Du pur bonheur pour les cinéphiles. Et en sus l’excitation de trouver (ou non), par eux-mêmes, les films, quand même plus ou moins connus, reconnaissables, dont M+M (Martin de Mattia et notre compatriote Marc Weis) ont extrait telles scènes pour leurs installations vidéographiques. Elles ont trouvé le chemin de l’institution consacrée aux arts plastiques, et ce n’est pas seulement là une preuve de plus de la perméabilité des disciplines ; ces vidéos panoramiques, si elles ont la perfection technique propre des professionnels du septième art, regorgent d’invention, d’originalité, et sans doute chose plus importante encore, elles nous en disent long, font réfléchir longuement, sur les relations humaines.
Au commencement donc, telles scènes de films, dans l’ordre de la semaine en partant du lundi, de Kubrick, de Leconte, de Lelouch, de Cavani, d’Argento, de Badham, et on finit le dimanche avec Jean-Luc Godard. Des scènes où des hommes, des personnes, se rencontrent (ou imaginent leur rencontre, comme le personnage d’Un homme et une femme, à bord de la voiture pour rejoindre sa maîtresse). M+M font du décalque, empruntent, pour aussitôt détourner. Leur tour de passe-passe d’artistes, tour d’adresse et bien plus, c’est le décalage. Et il est double, non seulement par rapport au film d’origine ; il en est un autre, et c’est lui qui saisit le plus le spectateur, décalage entre les deux projections juxtaposées, quasi jumelles.

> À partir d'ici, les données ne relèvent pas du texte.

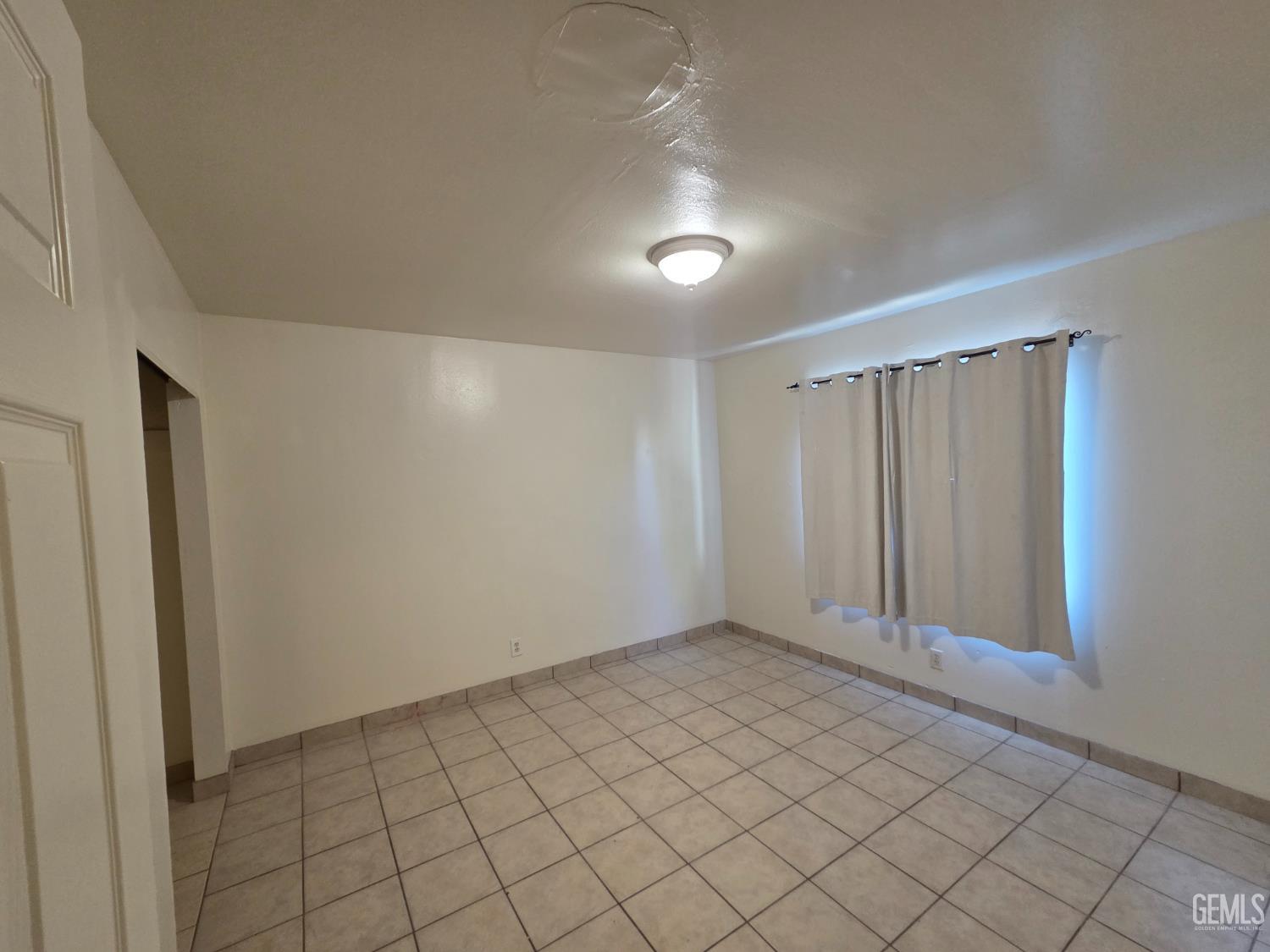 514 Bates Avenue — photo 7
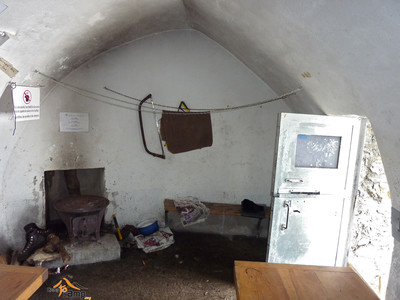 Refuge de Tuquerouye - Pièce commune avec le poèle Refuge de Tuquerouye - Pièce commune avec le poèle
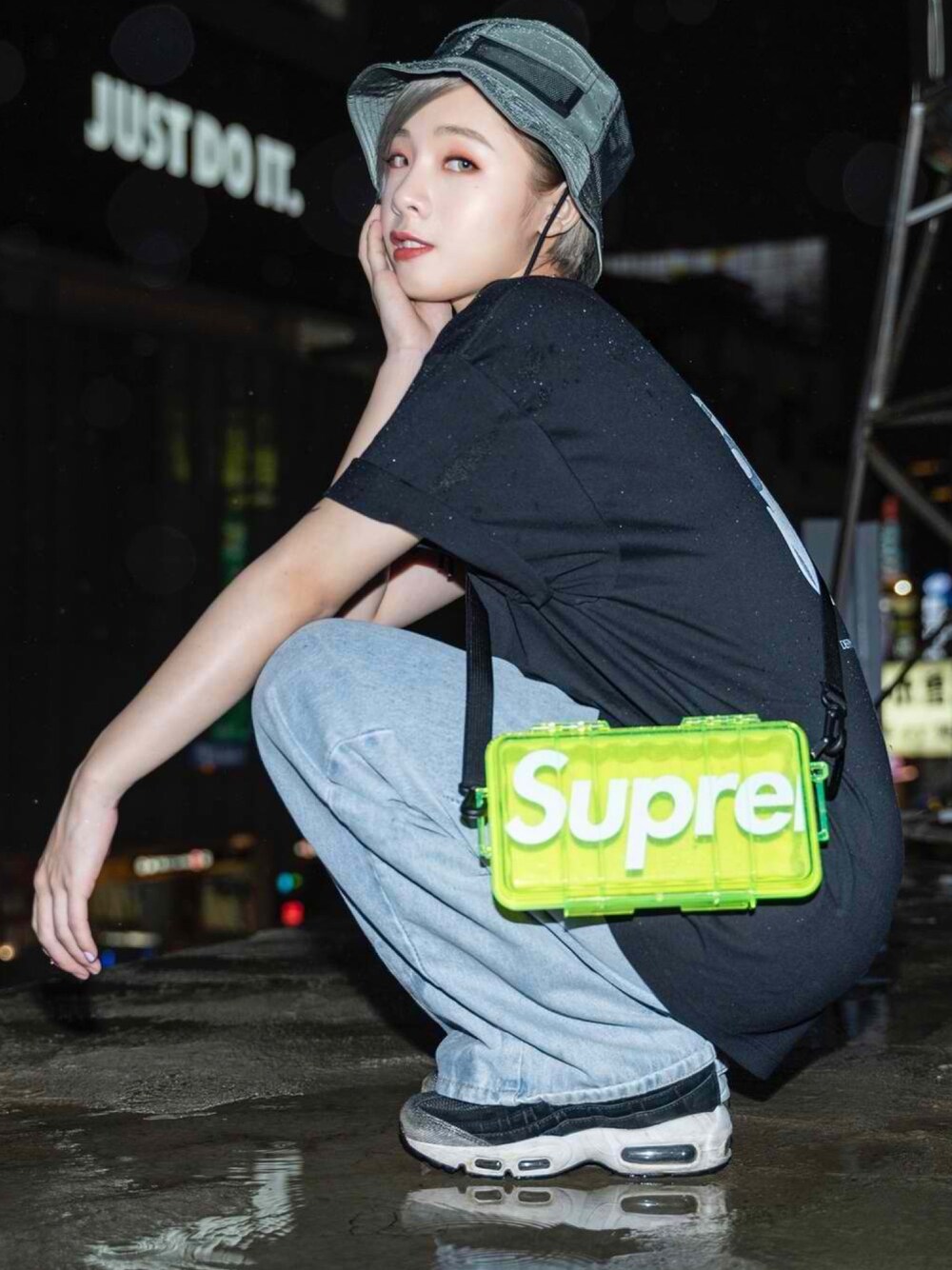 「supreme、palace、NIKE」｜「Supreme のアイテム（トートバッグ、グリーン系）」を使った、ᴴᴬᴺᴱᴿ陳涵さん（レディース・157cm）の秋コーディネートの1枚目の写真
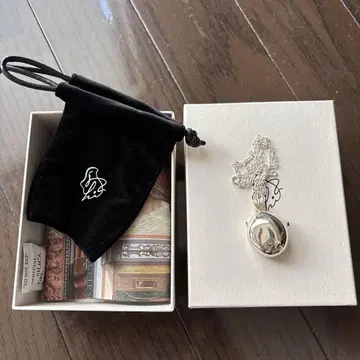 SYKIA Cosmic Egg Necklace 실버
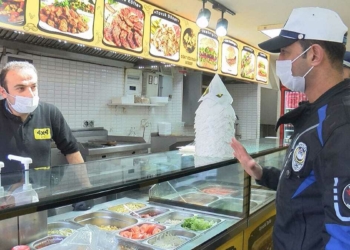 Eyüpsultan'da polis ve zabıta ekipleri denetim yaptı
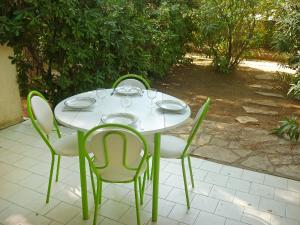 Un restaurante o sitio para comer en Holiday Home Hameau des Pins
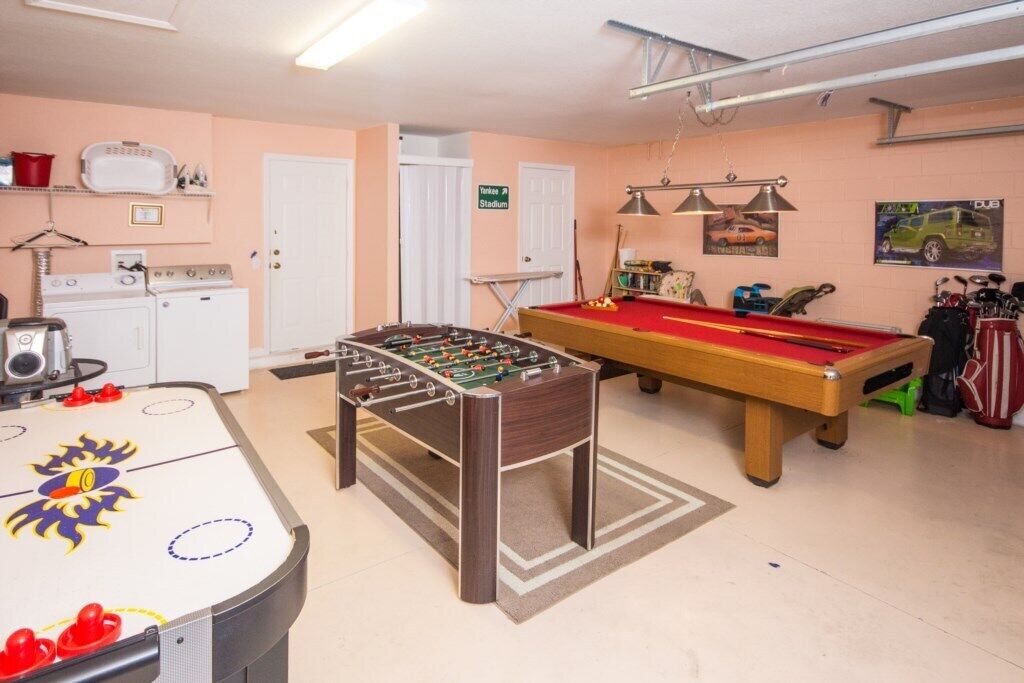 5 Bed 5 Bath Villa with pool and Games room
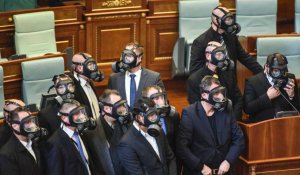 Des députés kosovars répandent du gaz lacrymogène dans leur Parlement
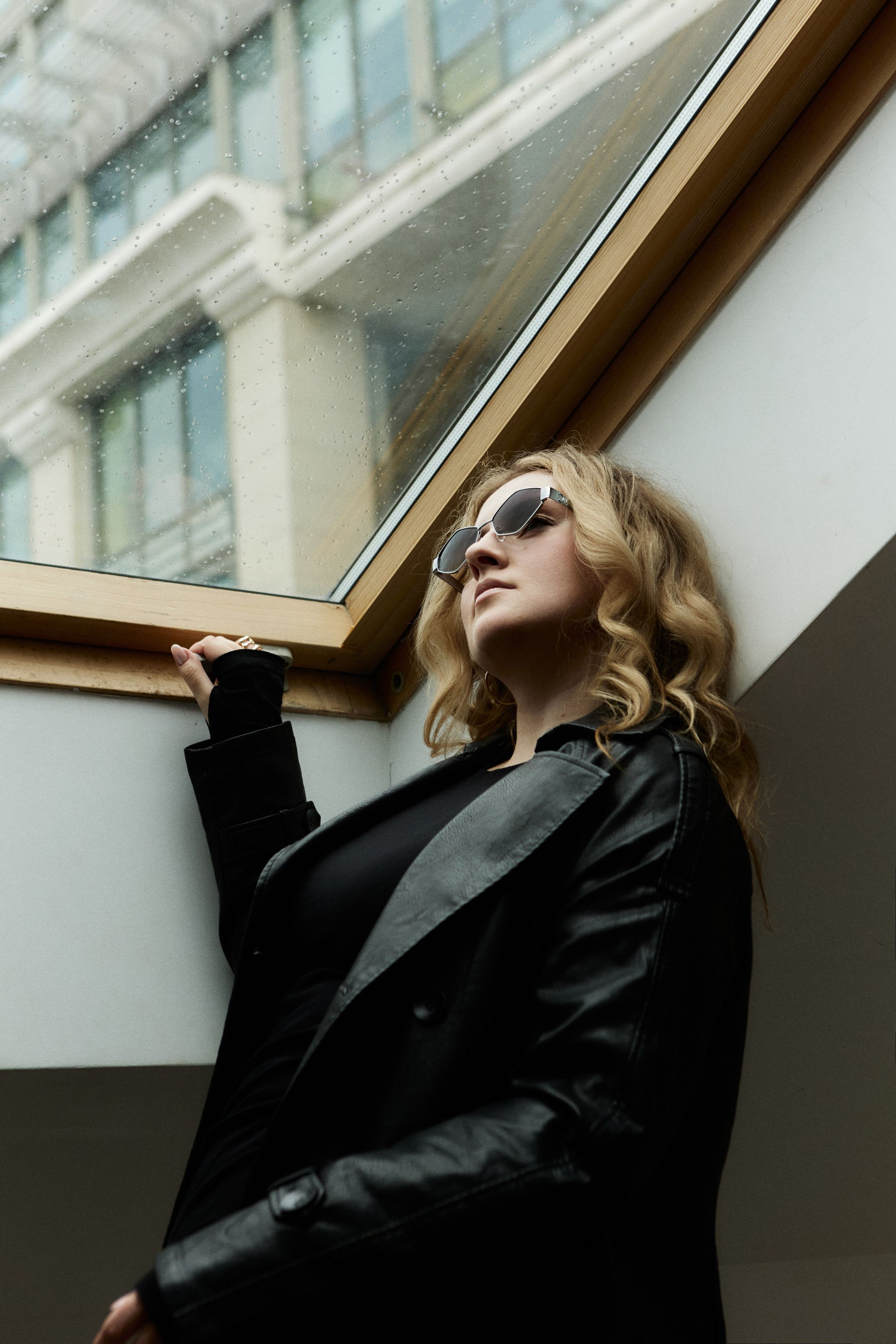 стильная фотосессия в студии как из pinterest, фотосессия в кожаном плаще,  портретный фотограф в Москве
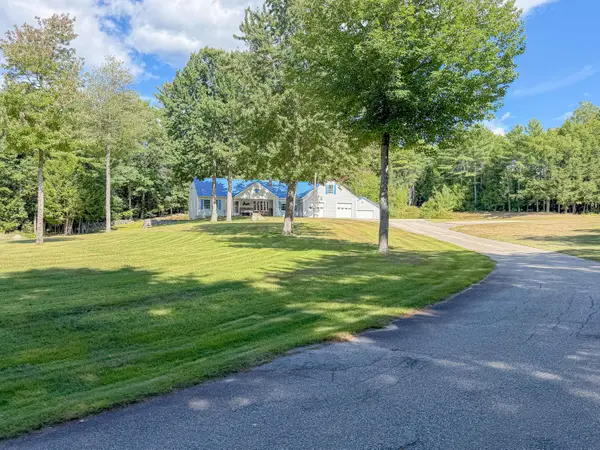 40 Rockwood Lane, Hollis, ME 04042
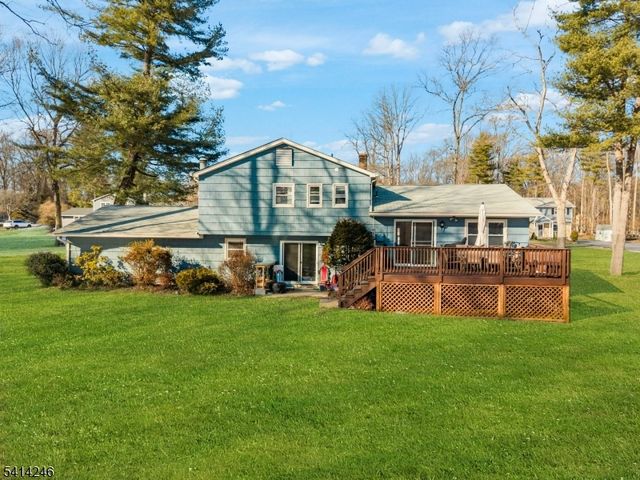 11 Grover St, Roxbury Twp., NJ 07876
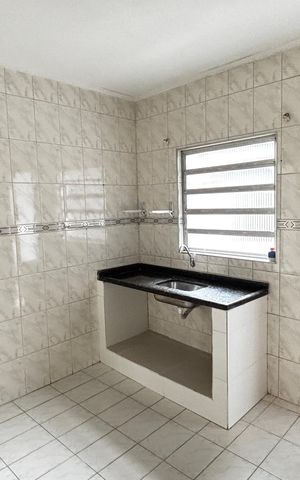Casa à venda com 210m², 6 quartos e 1 vaga Casa à venda com 210m², 6 quartos e 1 vagaCasa 2 - Cozinha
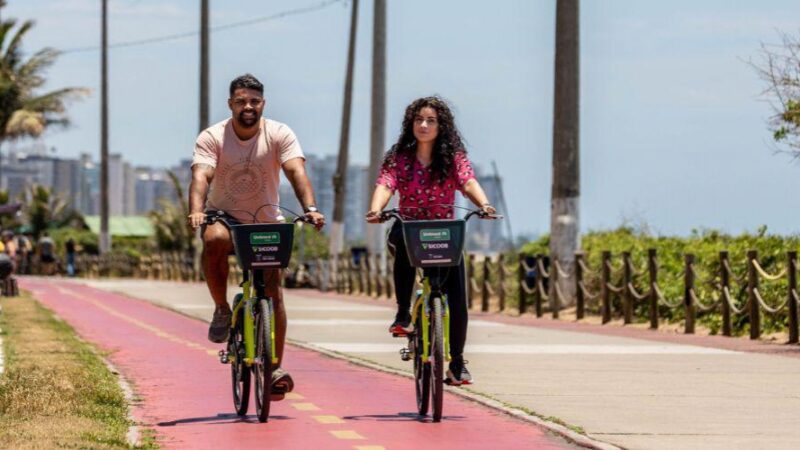 Bikes compartilhadas superam as expectativas com 14 mil viagens no primeiro mês em Vila Velha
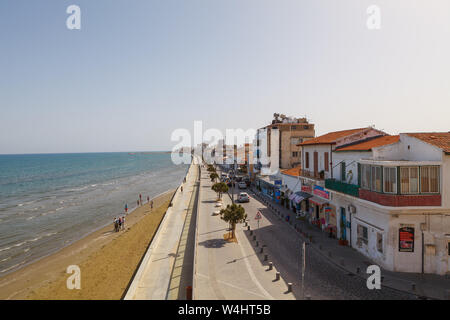 LIMASSOL, Zypern - 10. MAI 2018: die Küstenlinie der Stadt mit dem Strand, alten und neuen Gebäuden. Tagsüber. Stockfoto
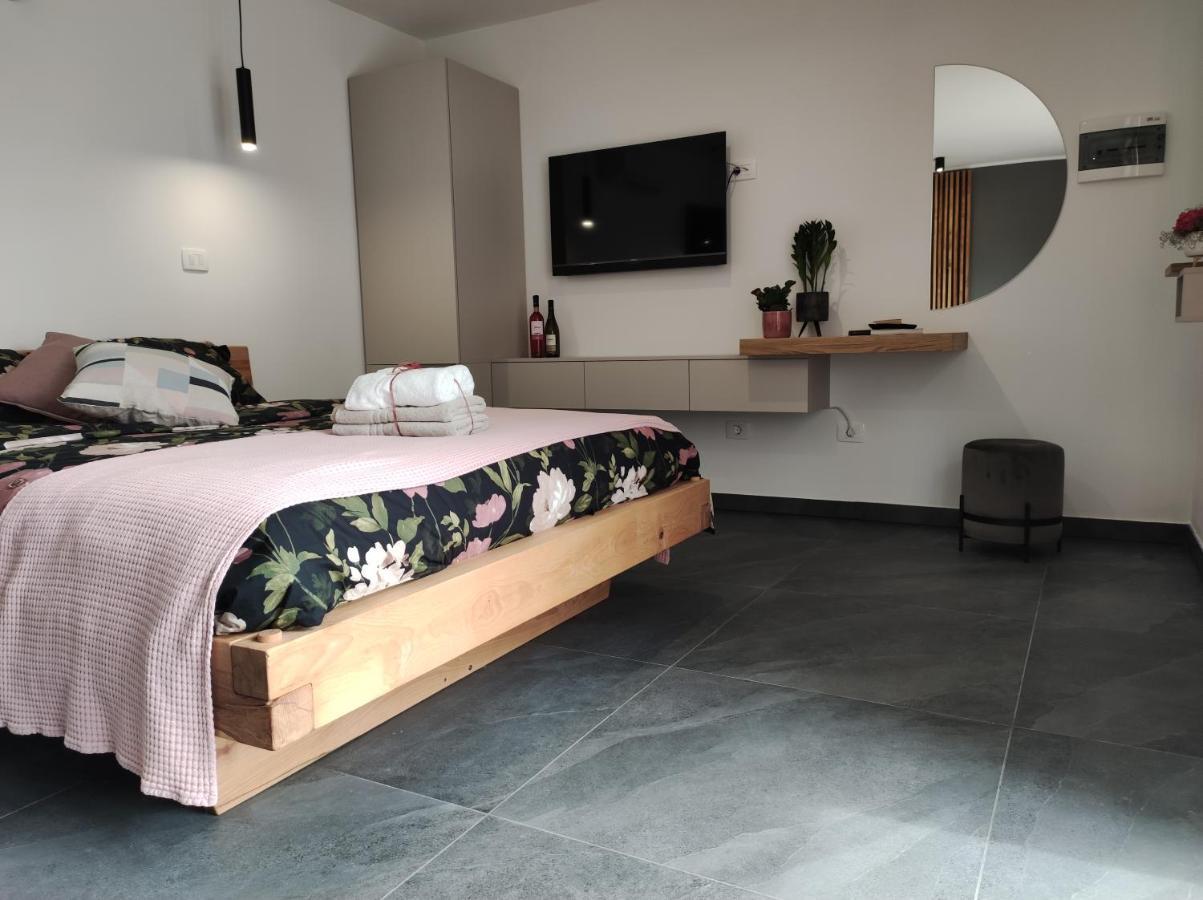 Dobravlje Boutique Rooms By Petric Winery מראה חיצוני תמונה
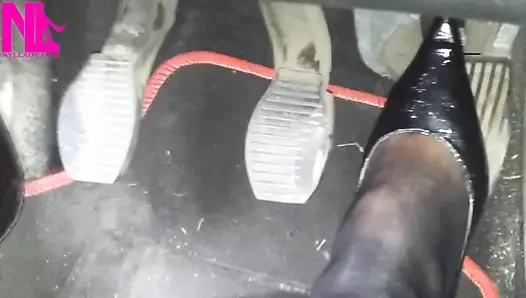 Sexy speedy fahren in patenten, schwarzen pumps und angelte schwarze strumpfhosen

Point de repère d’une vidéo à l’autre, le même protagoniste, le même acteur, l’excellent Christophe Luser, fil rouge également au long du parcours hebdomadaire. Pour le reste, la scène a beau être la même, tout bascule, tout chavire, il suffit de peu de chose, d’un léger écart, pour nous faire perdre le sol sous les pieds. Et la synchronie, accentuée par les cadrages resserrés, par les dialogues, ne fait qu’ajouter à la perturbation bienvenue.
Ainsi, l’homme est en face d’une femme, se fait d’un coup père face à sa fille ; le client se fait raser tout à tour par une coiffeuse avenante et un homme beaucoup moins engageant ; dans sa voiture, en route vers sa maîtresse, le chauffeur est travaillé tantôt par le désir tantôt par la jalousie ; devant les membres d’un conseil d’administration, le (saint) François moderne se déclare à André Jung ou à Sybille Canonica ; un intrus va égorger une femme d’un certain âge, une autre, plus jeune, qui sortent du bain ; saturday night fever, danse avec une jeune femme, et mêmes attitudes, dialogues identiques, avec un homme ; enfin, un homme et une femme au lit, le matin, on se rappelle Brigitte Bardot, dans le Mépris, à côté un père et sa fille.
Des lieux clos, plus ou moins, jusqu’à l’enfermement dans l’habitacle d’une voiture, et cette présence de l’autre qui dérange, qui démasque. L’autre, tel philosophe y voyait l’enfer, ailleurs, on dirait une sorte de promesse, et il serait osé sans doute de parler de paradis. En tout cas, M+M nous font vivre, dans une tension qui suinte des écrans, ce qui peut se passer, dans un sens ou l’autre, entre les êtres. À deux, et au-delà, si je prends la scène du jeudi, avec François qui renonce à ses biens, les baies de la salle du conseil largement ouvertes sur la ville, en l’occurrence les écrans du Casino donnent sur le bâtiment de la Caisse d’épargne.
Toujours au premier étage, comme en, contrepoint à tant d’images, dans un conteneur en bois, rien que la voix, en allemand, de Jörg Pleva, déclamant sans arrêter la phrase attribuée à Jack Torrance (personnage de The Shining, roman de Stephen King), Jack Nicholson, dans le film de Stanley Kubrick : « Was Du heute kannst besorgen, das verschiebe nicht auf morgen. » M+M, séjournant à la villa Massimo à Rome, ont voulu avoir mis la main sur les manuscrits de Jack Torrance, champion de la répétition ; ils ont publié le texte, un livre fait de sa monotone redondance.
On pourrait, à l’image du coucou, taxer M+M de parasitisme. Ils se glissent dans les films d’autrui, ailleurs, dans telles conventions, tels accords ou règles de conduite. C’est pour mieux les interroger et, le cas échéant, les faire imploser. Le côté ludique de leur travail, pour notre plus grand plaisir ; et bien plus, une façon acérée de nous confronter à nous-mêmes, au monde qui nous entoure.